Captioned web images
======

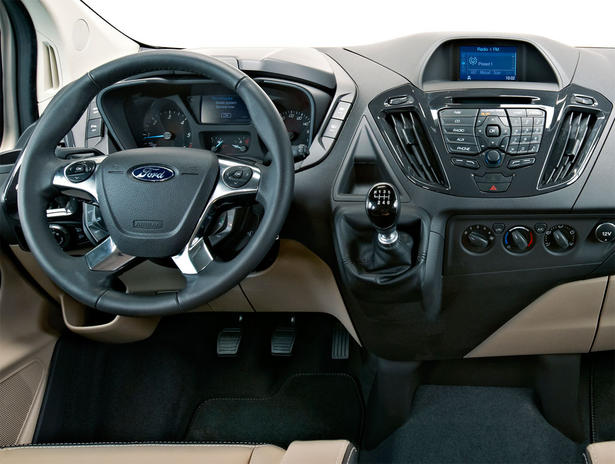 Ford Tourneo Concept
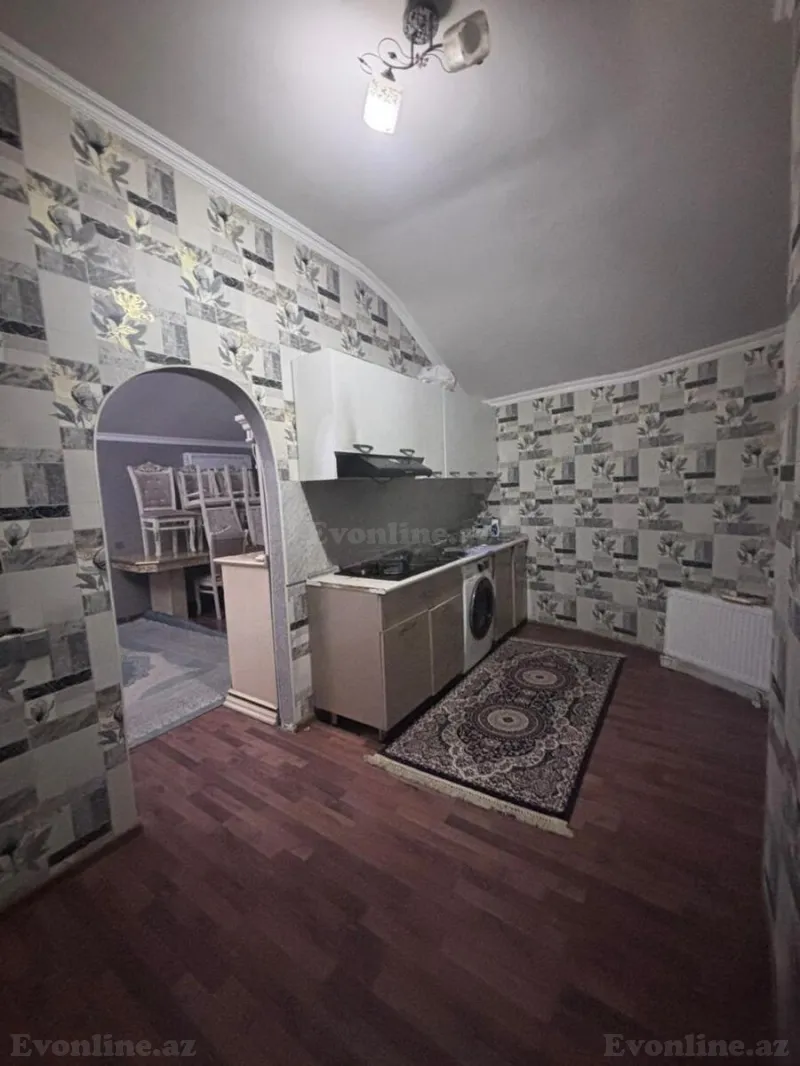Kirayə verilir 3 otaqlı Mənzil Yeni tikili 135 m² İnşaatçılar m. - şəkil 8
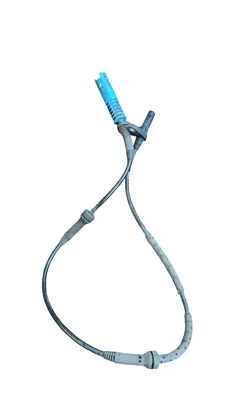 BMW 7 E65 E66 ABS brake wheel speed sensor 6908705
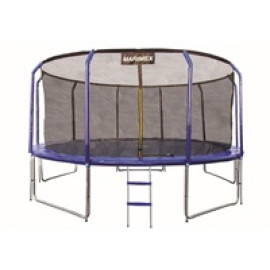 Trampolína Marimex Standard 457 cm + vnitřní ochranná síť + žebřík ZDARMA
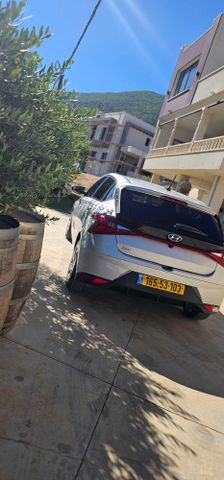 יונדאי i20
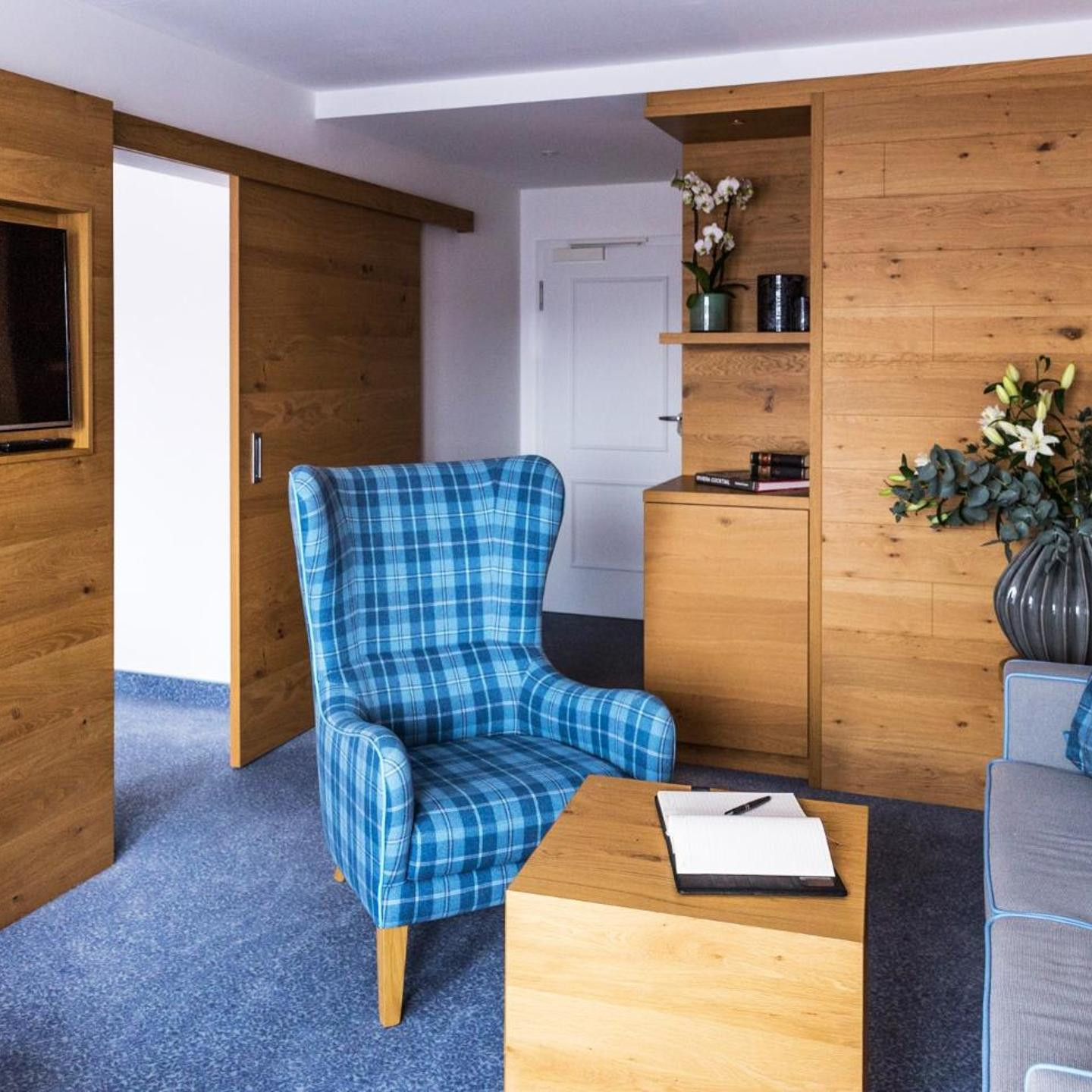 Das Aunhamer Suite & Spa Hotel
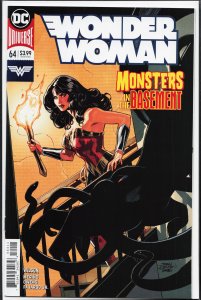 Wonder Woman #64 (2019) Wonder Woman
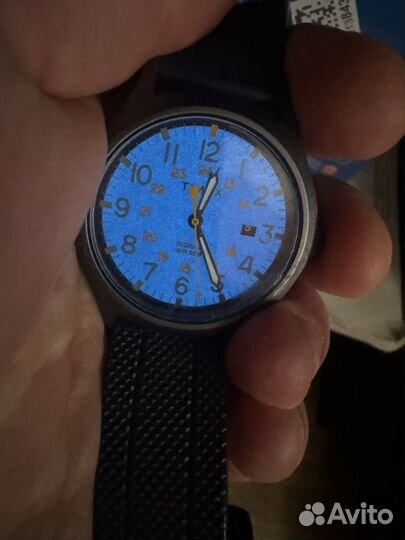 Часы мужские timex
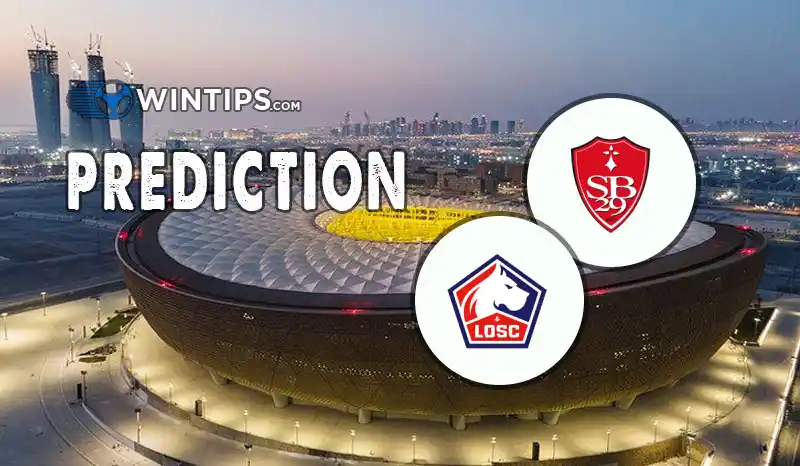 Stade Brestois vs Lille Predictions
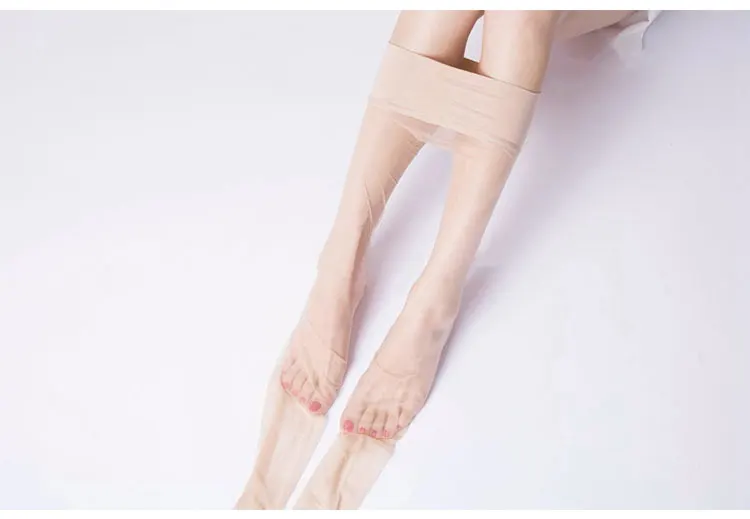 Collant Homme Brillant élastique - Taille 50-80kg - Nylon Brillant élégant - Sous-vêtement Mode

======

Above are the records; copy from them only the lines starting at the one containing "BMW 7 E65 E66" and ending at the one containing "Часы мужские timex", exactly and without pictures.

### Exercise answer:
 BMW 7 E65 E66 ABS brake wheel speed sensor 6908705
 Trampolína Marimex Standard 457 cm + vnitřní ochranná síť + žebřík ZDARMA
 יונדאי i20
 Das Aunhamer Suite & Spa Hotel
 Wonder Woman #64 (2019) Wonder Woman
 Часы мужские timex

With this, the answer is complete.